Third, since two of the five Commissioners are always from the party out of power (currently, the Democrats), a nakedly political decision, by either the ALJ or the majority of the Commission in the case of an appeal, would likely be commented on by the dissenting Commissioners, elevating the issue to the market, policy makers, commentators, academicians and the defense bar.

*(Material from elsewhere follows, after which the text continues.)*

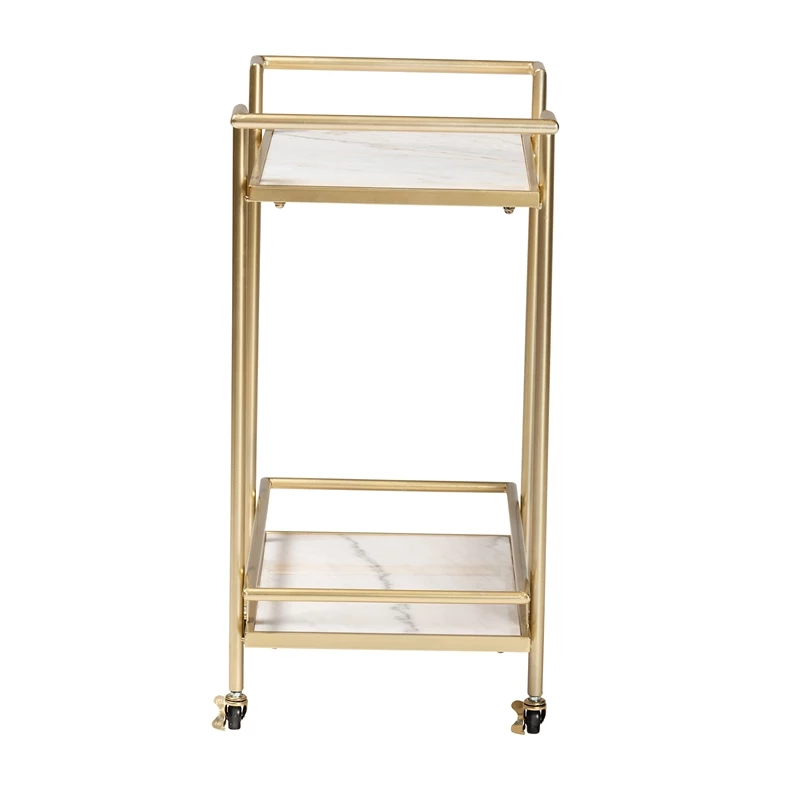 Buy 𧨠Baxton Studio Louise Gold Metal And White Marble 2-Tier Wine Cart π 3 Buy 𧨠Baxton Studio Louise Gold Metal And White Marble 2-Tier Wine Cart π - Image 3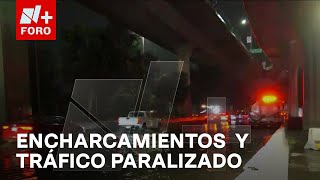 Fuertes lluvias dejan encharcamientos en periférico en Tlalnepantla Edomex  Las Noticias [upl. by Alyakcim]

Fourth, where the internal appeals process fails, the aggrieved party can appeal to the appropriate Circuit Court of Appeals, where established precedent would likely put a check on any radical or outlier decision. By the time such a matter got to the Circuit Court, enough constituencies would have become aware of it that it would likely become a matter of concern and urgency, as occurred with the increasing number of challenges to ALJ appointments that led ultimately to Lucia . This would have the effect of putting a spotlight on the particular ALJ, not a place most administrative law judges are accustomed to being, or want to be, as it brings unwanted attention and political pressure to their agency and the persons who head it. Finally, there is the matter of personal reputation. Persons who serve as judicial officers, including ALJs, want to have their opinions respected and grounded in law. Issuing controversial decisions in a well-established area of law is not consistent with these goals, and would suggest someone with a desire to stand out, or to make a name for himself or herself. But, serving as a federal ALJ is just not the platform for launching that type of more ambitious career.
And, as the executive order notes, “ALJs must display appropriate temperament, legal acumen, impartiality and sound judgment.” As long as these attributes drive the appointment decision, the world should not tremble before this change.